Treatment commences initially with pain alleviation and gradually incorporates back strengthening program.



  • Spinal Decompression Therapy (DTS/DOC): This works better than conventional neck traction without causing any discomfort. This causes a distraction force between the spinal vertebrae, to reduce pain and stiffness.
  • Mobilization & Manual Therapy: To restore restricted mobility between the spinal vertebrae and to reduce pain, muscle spasm and stiffness
  • Low-Level Laser Therapy: Aids in pain management and helps with wound healing.
  • Postural Assessment and Ergonomics Tips and Advice: For work desk set-up and neck postural care



Please check the brochure on SCORES – Spinal Core Stability Program for training the deep core muscles. Includes muscle stretches and strengthening program for the neck and shoulder, to improve overall spinal stability and control. This involves use of Biofeedback Stabilizer and Real Time Ultrasound.

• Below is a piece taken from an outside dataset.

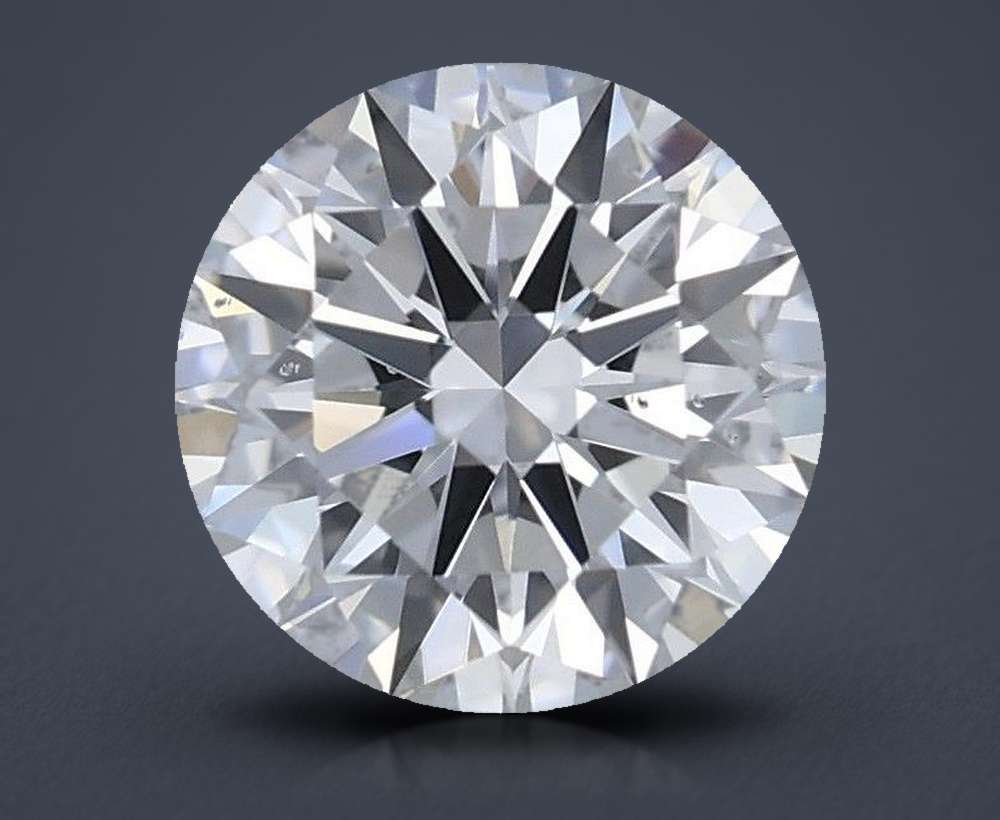 0.62 Carat Round Lab Diamond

  • Ultrasound – Improves cell metabolism and cell membrance permeability, thereby enhancing tissue healing.
  • Interferential Therapy – Electrical current that stimulates the peripheral sensory and muscle nerve fibers to reduce pain and inflammation.
  • Heat – To reduce pain and muscle spasm, heat in the form of shortwave diathermy and moist heat.
Our Tips
  • Posture: Think tall; chest lifted, shoulders relaxed, chin tucked in and head level. Your neck should be straight and relaxed. Observe your posture in standing and sitting position.
  • Sleeping: Use a good pillow that supports your neck well. Avoid sleeping on your stomach.
  • Work: Avoid working with your head down or on one side for long periods. Frequently stretch and change position.